Winter patties, higher sugar content, should work great for you in this situation. With this product you should not need any syrup in the hive, which would possibly cause greater amounts of condensation inside the hive. I gave the link to 10 pounds of the winter patties, but they do have 40 pound packages as well, which might be what you need for these to make it through into spring. However, you may not want to spend too much on this project until you are pretty sure you have the queen in your box. Same goes with robbing from stronger hives, I would not want to weaken any known good hives for a possible dink this time of year.


----------



## brazosdog02 (Feb 5, 2013)

I dont have cotton twine, will Jute twine be good?


----------



## RayMarler (Jun 18, 2008)

Yes, Jute twine would be just fine. I don't like to use rubber bands myself, they don't seem to hold it tight enough and sometimes don't last long enough for the bees to get the combs mended into place.


----------



## brazosdog02 (Feb 5, 2013)

Ok. I have two frames of their comb TIED in to empty frames. However there is still a huge chunk of their comb in the hive. It's probably three or four frame widths and it's attached to tree bark on its back so I cannot separate it. 
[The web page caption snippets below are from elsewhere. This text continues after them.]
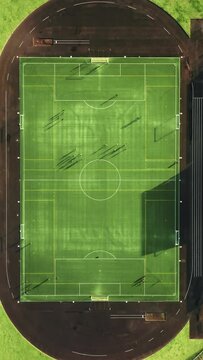 Vertical Screen: Captured from above, a dynamic aerial view showcases players on a sports field with vivid line markings, providing a vibrant backdrop for sports and competitive activities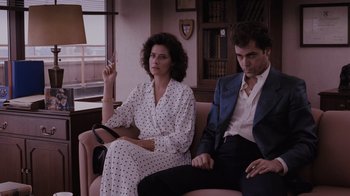 Movie still from “Goodfellas” (1990), directed by Martin Scorsese – A man and a woman sitting on a couch; Medium shot, Low angle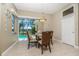 Breakfast nook with glass table and pool view through sliding glass doors at 1453 Wren Ct, Punta Gorda, FL 33950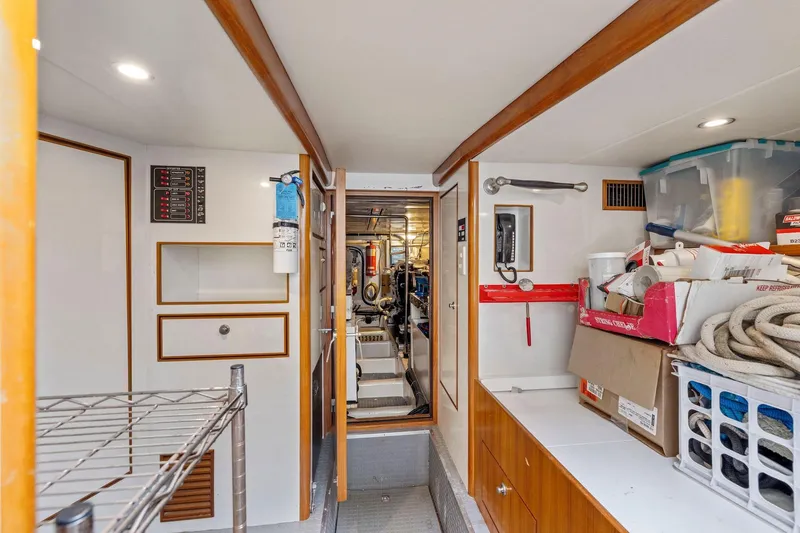 Slide: The Image of Engine room of a 2002 Symbol 58 yacht, featuring storage and equipment. - 54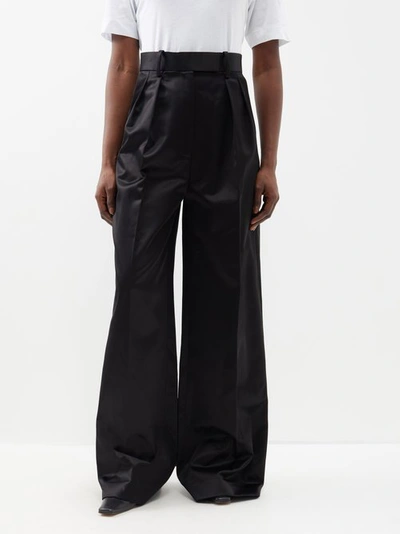 Shop Khaite Teyana Pleated Cotton-blend Trousers In Black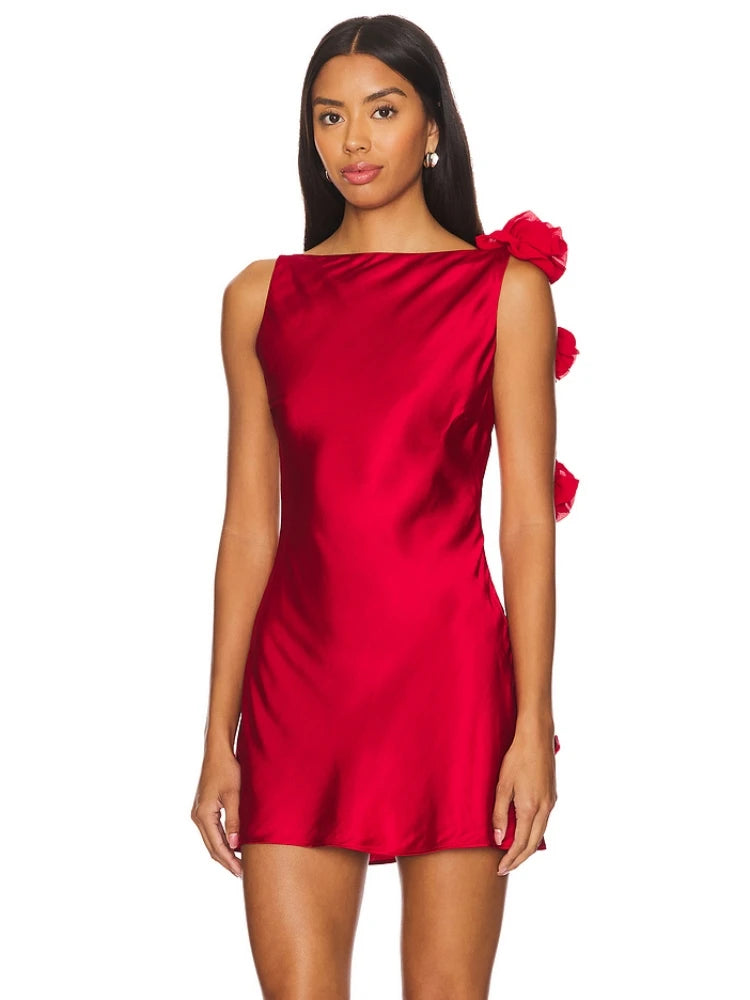 Red dress with floral details on a white background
Can I leave this here while they use it and then in the spring, take it out and put in frames with foundation for them to work on? I can set it outside the hive so they can rob their stores from it.


----------



## Saltybee (Feb 9, 2012)

It is hard to picture the arrangement but if the comb is inside the hive and you can make a tight cluster in a single box I would let them use it. The priority is to have safe useable comb for the bees as closely packed as you can reasonably make it. After that is it just waiting for spring and helping them out with feed if they need it.


----------



## brazosdog02 (Feb 5, 2013)

Ok. They hVe that. I'll wait for spring.


----------